- [Task details]: Reproduce every entry that follows word for word, but omit the images.

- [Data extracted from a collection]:
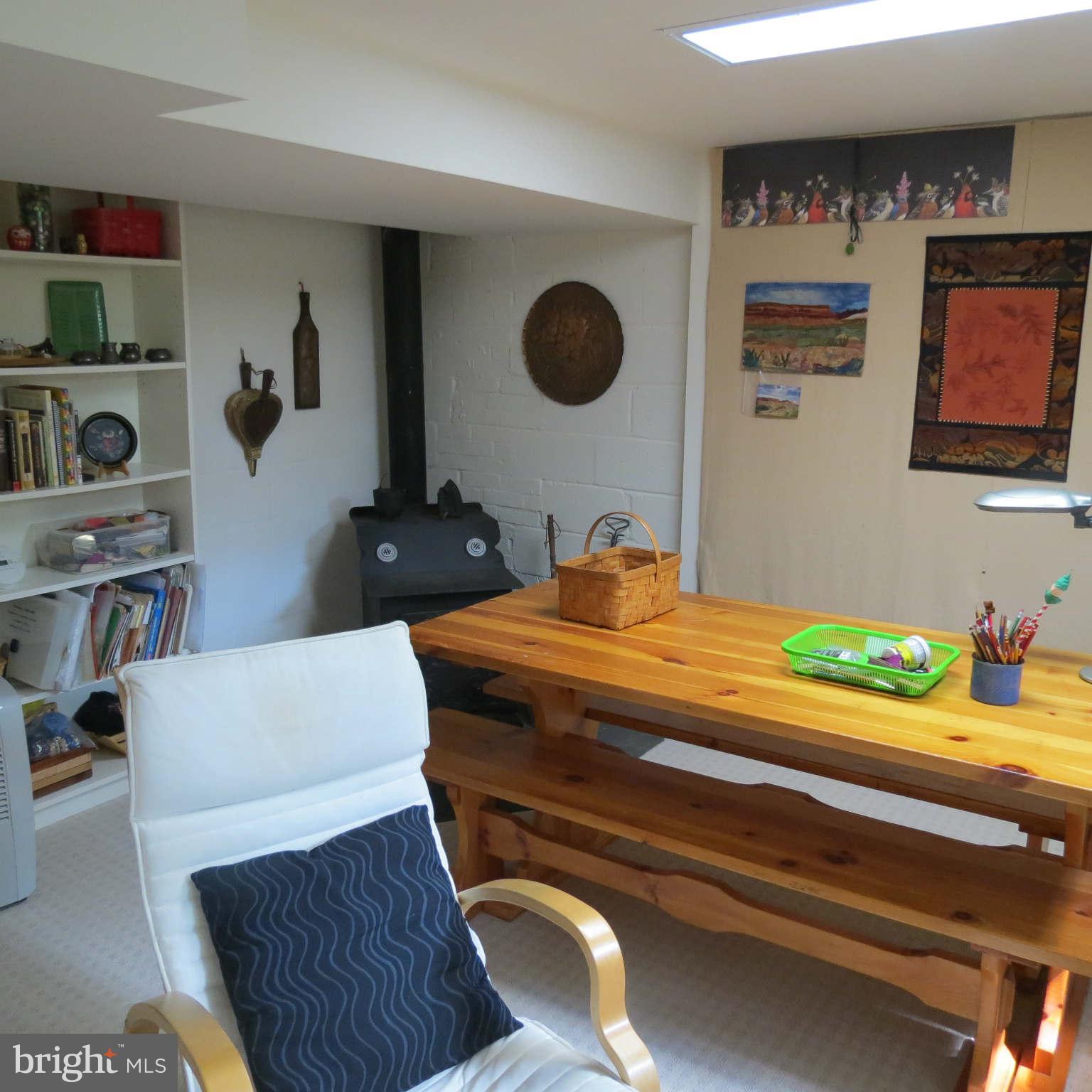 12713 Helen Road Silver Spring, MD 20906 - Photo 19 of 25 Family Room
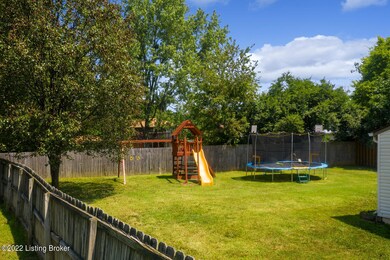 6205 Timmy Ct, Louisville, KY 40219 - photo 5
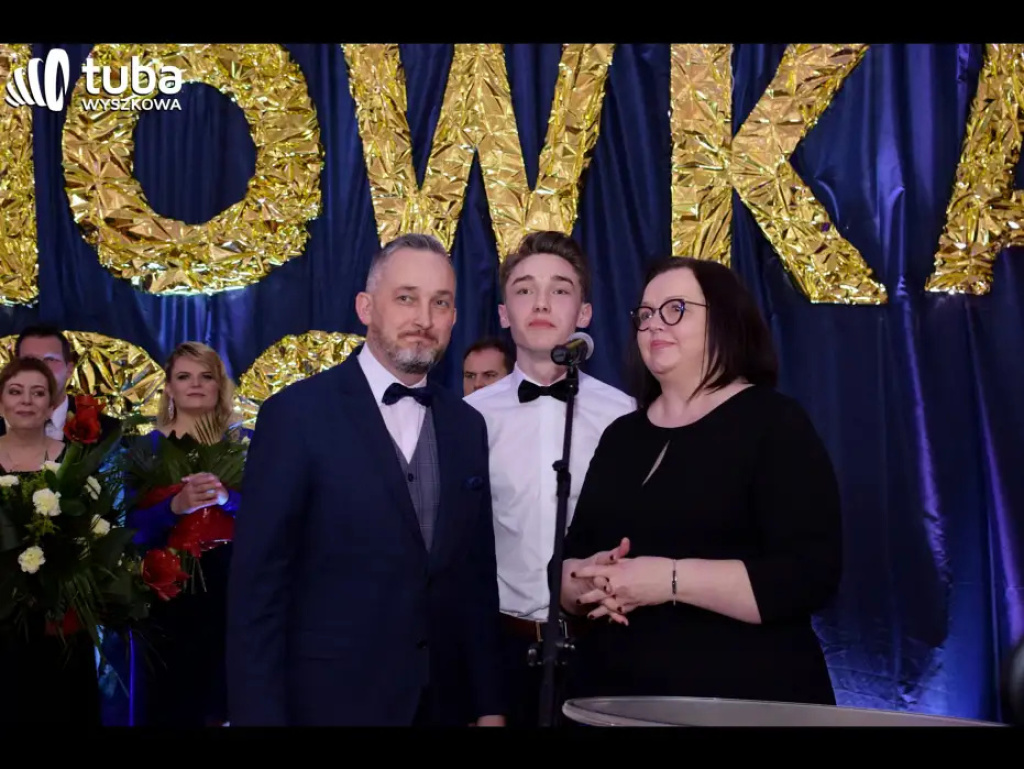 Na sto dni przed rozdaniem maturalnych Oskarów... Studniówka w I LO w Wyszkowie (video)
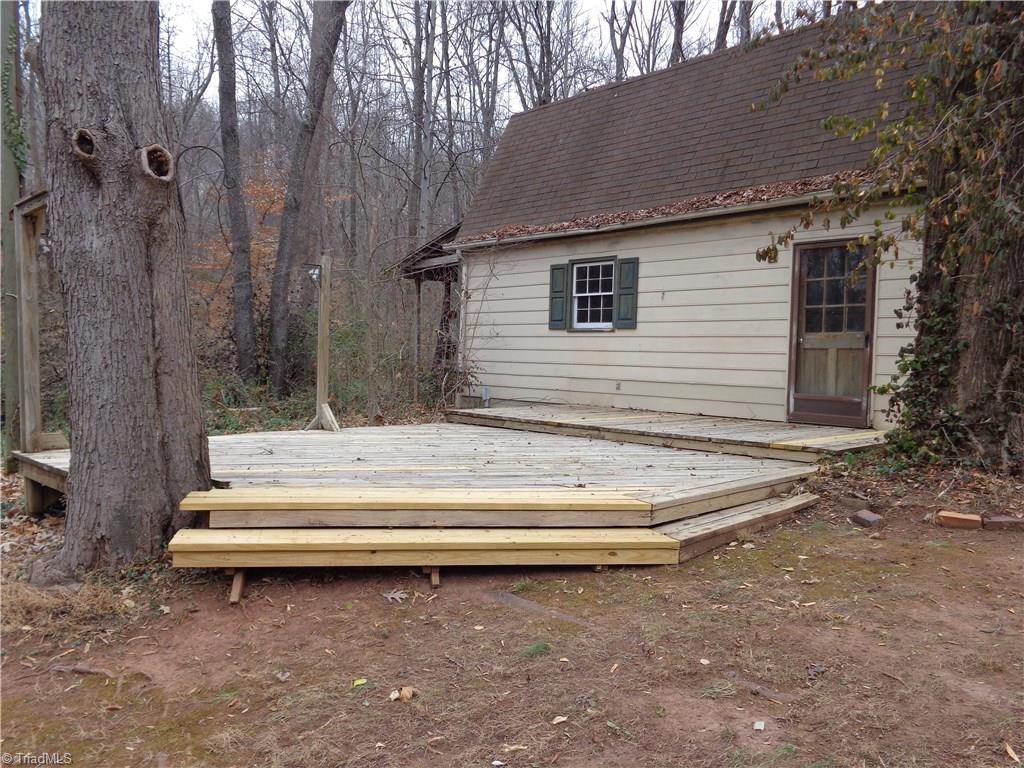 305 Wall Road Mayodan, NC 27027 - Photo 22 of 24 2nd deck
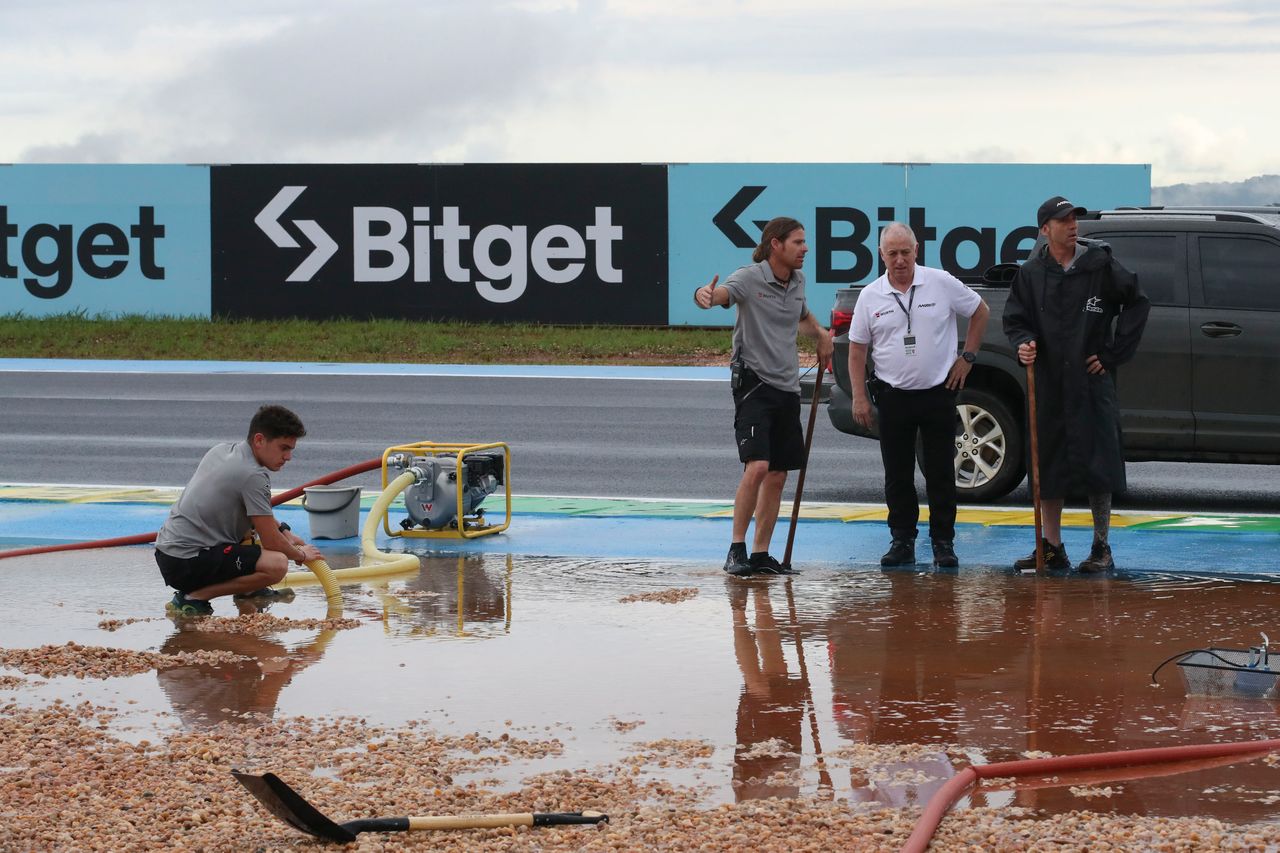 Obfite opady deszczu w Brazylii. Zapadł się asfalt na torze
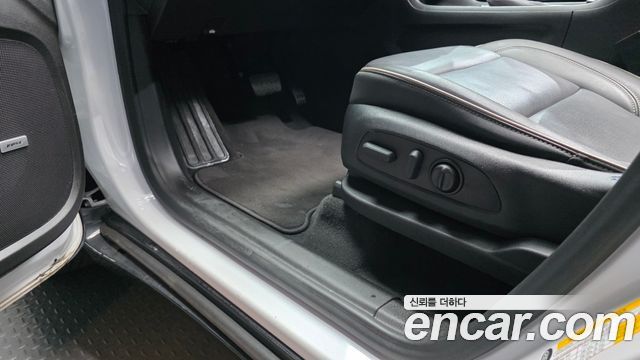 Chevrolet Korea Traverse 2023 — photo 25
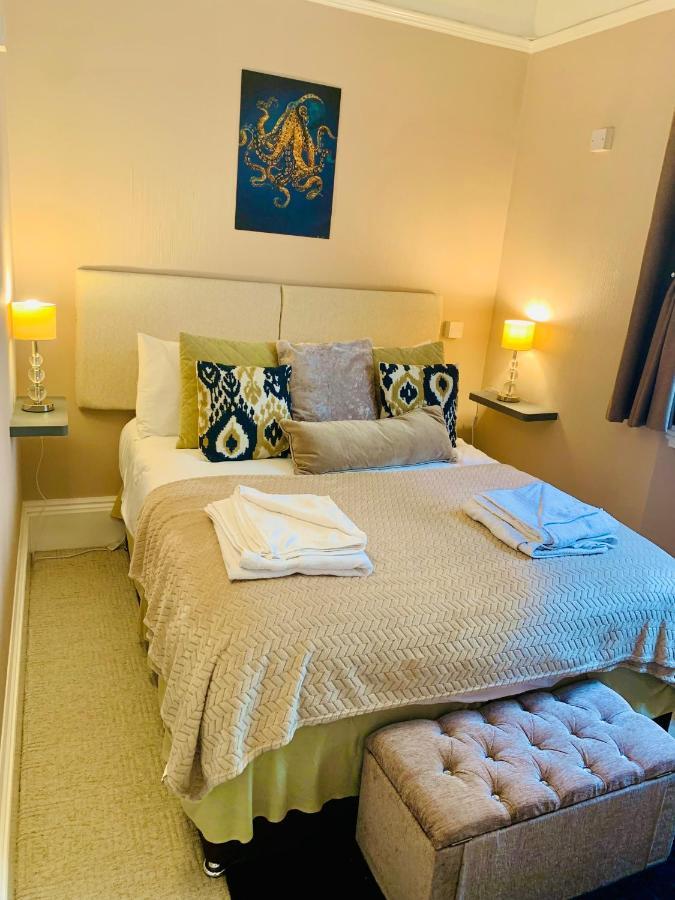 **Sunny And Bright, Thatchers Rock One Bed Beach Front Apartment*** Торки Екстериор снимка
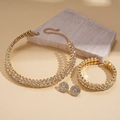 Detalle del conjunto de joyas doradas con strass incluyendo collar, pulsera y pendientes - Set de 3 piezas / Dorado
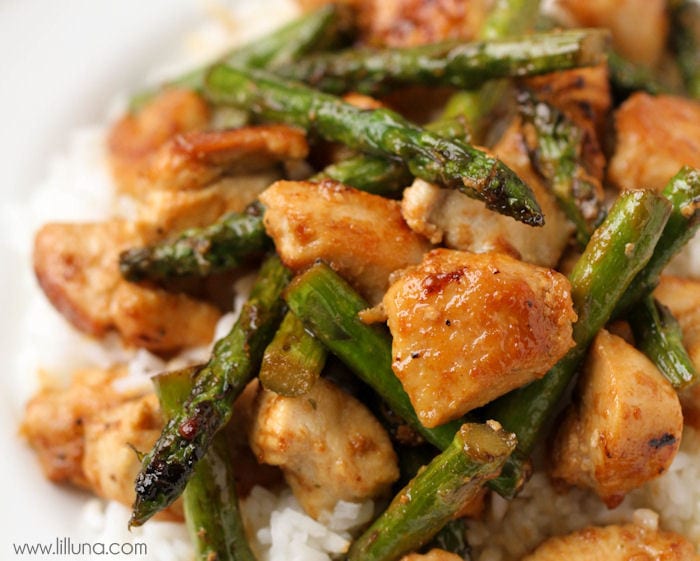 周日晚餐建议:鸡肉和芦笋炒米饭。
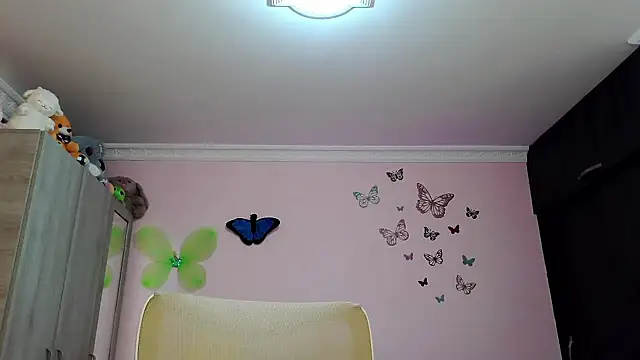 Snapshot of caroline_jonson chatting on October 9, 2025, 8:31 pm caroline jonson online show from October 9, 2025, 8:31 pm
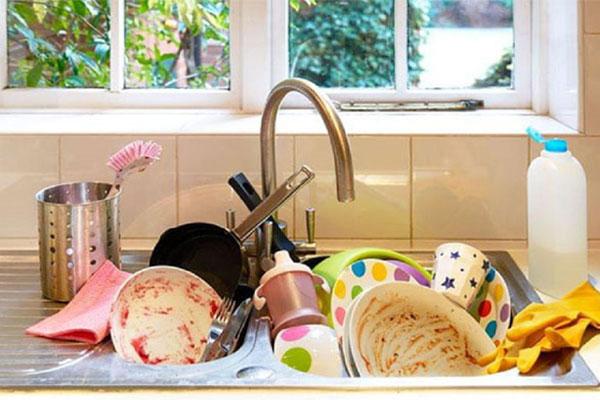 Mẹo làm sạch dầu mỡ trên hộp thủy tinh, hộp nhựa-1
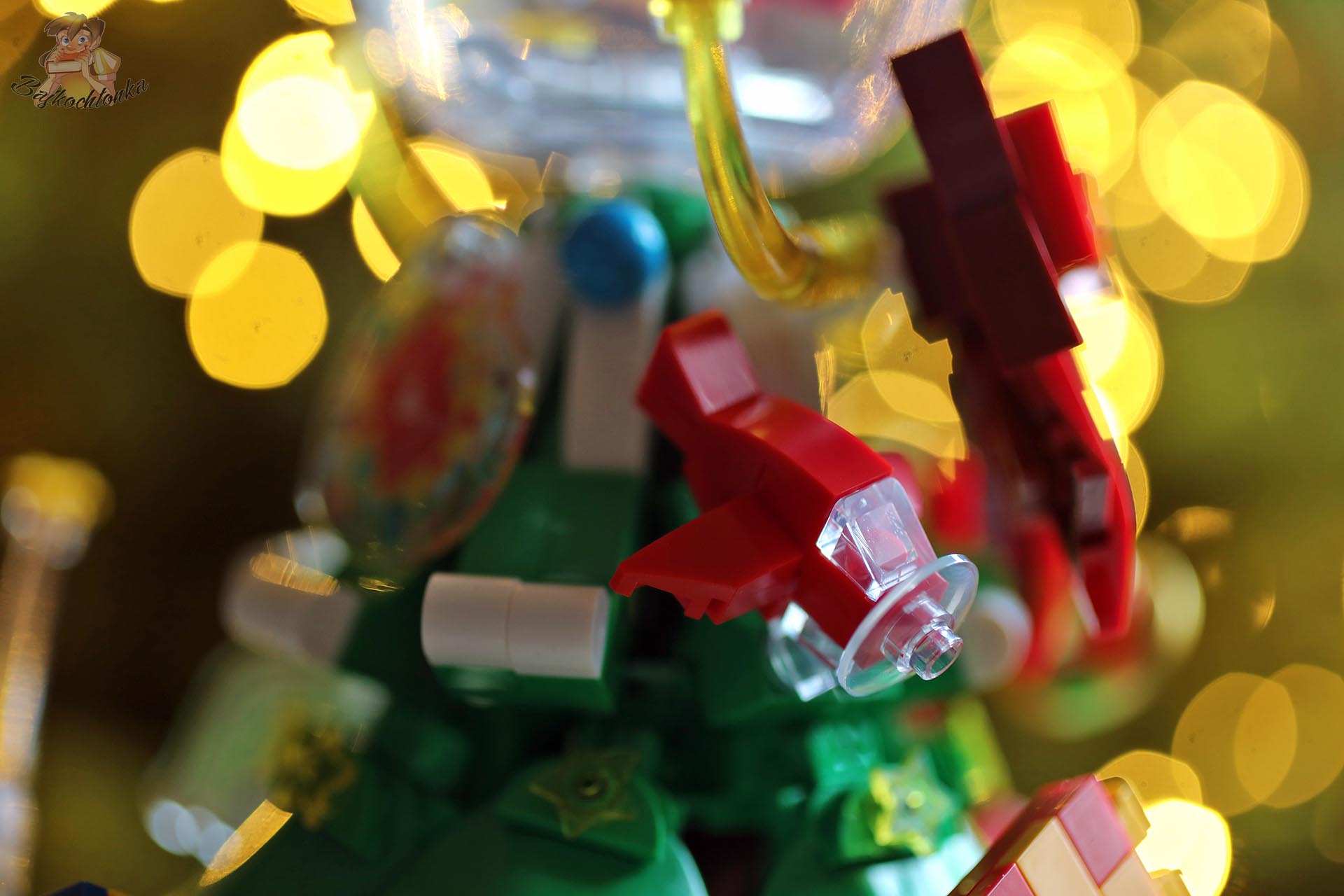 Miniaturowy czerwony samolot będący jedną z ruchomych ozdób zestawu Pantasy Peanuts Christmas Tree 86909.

- [Exercise result]:
 12713 Helen Road Silver Spring, MD 20906 - Photo 19 of 25 Family Room
 6205 Timmy Ct, Louisville, KY 40219 - photo 5
 Na sto dni przed rozdaniem maturalnych Oskarów... Studniówka w I LO w Wyszkowie (video)
 305 Wall Road Mayodan, NC 27027 - Photo 22 of 24 2nd deck
 Obfite opady deszczu w Brazylii. Zapadł się asfalt na torze
 Chevrolet Korea Traverse 2023 — photo 25
 **Sunny And Bright, Thatchers Rock One Bed Beach Front Apartment*** Торки Екстериор снимка
 Detalle del conjunto de joyas doradas con strass incluyendo collar, pulsera y pendientes - Set de 3 piezas / Dorado
 周日晚餐建议:鸡肉和芦笋炒米饭。
 Snapshot of caroline_jonson chatting on October 9, 2025, 8:31 pm caroline jonson online show from October 9, 2025, 8:31 pm
 Mẹo làm sạch dầu mỡ trên hộp thủy tinh, hộp nhựa-1
 Miniaturowy czerwony samolot będący jedną z ruchomych ozdób zestawu Pantasy Peanuts Christmas Tree 86909.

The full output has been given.